Durante a invasão do Líbano em 1982, o nacionalismo islâmico se fortalece com a importante reação do Hesbolá (Partido de Deus) contra as forças sionistas e seus aliados. Os islâmicos começam a ultrapassar politicamente as antigas forças nacionalistas árabes em todos os países do Oriente Médio.
Em 1987, explode a Primeira Intifada, o grande levante das massas palestinas. Nesse mesmo ano, é fundado o Hamas, através do imã Ahmed Yassin, ligado à Irmandade Muçulmana. Em 1988, Arafat faz um acordo com o imperialismo e, em discurso na Organização das Nações Unidas (ONU), abre mão do “terrorismo” – isto é, da luta armada — como meio de luta. Diante das negociações entre a OLP, o imperialismo norte-americano e “Israel”, que culmina nos Acordos de Oslo de 1993, o Hamas cresce como organização de luta dos palestinos, principalmente da juventude palestina, principal setor da Intifada.
Em 1991, o Hamas funda sua organização armada, as Brigadas do Mártir Izzedine al-Qassam, em homenagem ao combatente antissionista que liderou a resistência palestina na década de 1930. O Hamas, que surgiu como uma organização religiosa e realizava trabalhos de caridade, deu um passo à frente: montou uma organização política com um braço armado.
O Hamas denuncia os Acordos de Oslo, responsável pelo fim da Intifada, e critica a OLP por reconhecer o Estado de Israel e acreditar nas falsas promessas de criar um Estado palestino em cinco anos. Foram essas promessas que levaram ao surgimento da Autoridade Palestina, um governo dos guetos na Faixa de Gaza e na Cisjordânia, liderado pela OLP após as eleições de 1996, que levaram Arafat ao governo da AP. O Hamas boicota essas eleições e inicia uma série de ataques a alvos militares israelenses. Os famosos atentados de “homens-bomba”, que atingiram civis, surgiriam depois, quando o Hamas denunciou a repressão à população palestina.
Em 2000, explode uma nova Intifada, na qual o Hamas, já mais bem organizado e apoiado pelas amplas massas, realiza uma série de confrontos militares com Israel. O motivo do levante popular foi o não cumprimento da criação de um Estado palestino.
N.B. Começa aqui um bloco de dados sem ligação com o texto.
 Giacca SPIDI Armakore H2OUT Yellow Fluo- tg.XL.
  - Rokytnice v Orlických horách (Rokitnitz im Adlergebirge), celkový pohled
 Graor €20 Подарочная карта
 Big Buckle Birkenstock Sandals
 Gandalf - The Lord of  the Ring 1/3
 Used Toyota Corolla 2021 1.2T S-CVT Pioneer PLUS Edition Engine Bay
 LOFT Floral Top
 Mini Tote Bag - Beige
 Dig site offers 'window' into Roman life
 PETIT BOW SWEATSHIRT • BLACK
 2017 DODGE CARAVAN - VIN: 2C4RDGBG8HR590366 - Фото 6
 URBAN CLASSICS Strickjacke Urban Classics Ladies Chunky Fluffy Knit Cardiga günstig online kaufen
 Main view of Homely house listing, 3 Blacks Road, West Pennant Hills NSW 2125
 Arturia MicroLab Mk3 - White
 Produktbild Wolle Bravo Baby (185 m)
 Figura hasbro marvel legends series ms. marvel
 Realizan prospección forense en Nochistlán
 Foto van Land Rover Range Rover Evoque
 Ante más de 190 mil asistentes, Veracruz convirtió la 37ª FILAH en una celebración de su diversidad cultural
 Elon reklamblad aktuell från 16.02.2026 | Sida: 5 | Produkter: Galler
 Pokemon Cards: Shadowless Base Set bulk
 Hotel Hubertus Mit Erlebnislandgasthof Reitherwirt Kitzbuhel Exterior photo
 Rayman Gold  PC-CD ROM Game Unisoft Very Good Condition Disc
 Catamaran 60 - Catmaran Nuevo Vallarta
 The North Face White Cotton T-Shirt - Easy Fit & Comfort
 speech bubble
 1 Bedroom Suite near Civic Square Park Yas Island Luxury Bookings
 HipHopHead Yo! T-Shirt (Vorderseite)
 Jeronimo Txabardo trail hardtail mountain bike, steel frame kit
Essa insurreição termina quando a Autoridade Palestina chega a um acordo com Israel para realizar novas eleições em 2005.
No mesmo ano, ocorrem eleições presidenciais, que o Hamas boicota novamente. No entanto, o cenário político havia mudado: Arafat havia morrido em 2004 e nele residia a maior parte da autoridade política da OLP. Ele é substituído por Mahmoud Abbas, que é eleito presidente da AP. Em 2006, o Hamas decide participar das eleições legislativas e, mesmo boicotado por Israel, impedido, por exemplo, de realizar campanha eleitoral em Jerusalém, conquista a maioria das cadeiras do parlamento.
A vitória do Hamas aprofundou a crise da OLP e da Autoridade Palestina. Um governo de coalizão foi formado, mas acabou sendo infrutífero pela política de colaboração da Fatá com o sionismo. O Hamas é obrigado a expulsar a OLP da Faixa de Gaza, assumindo totalmente o controle da região. Essa é a causa da atual crise envolvendo “Israel” e Gaza, que se tornou alvo de bloqueio desumano, além de bombardeios incessantes.
No entanto, o Hamas conquistou essa posição justamente pela política colaboracionista da OLP com Israel. A organização se desenvolveu como força política e hoje é uma legítima organização das massas palestinas, um resultado dos levantes das massas durante a Intifada. Assim, o Hamas, que é parte da vida cotidiana dos palestinos com programas sociais e assistência à população, se tornou a vanguarda da resistência contra o Estado de “Israel”. O grupo islâmico também é resultado do fracasso do nacionalismo árabe tradicional e a ascensão do nacionalismo islâmico, que atua em todo o Oriente Médio como principal força de oposição à política do imperialismo.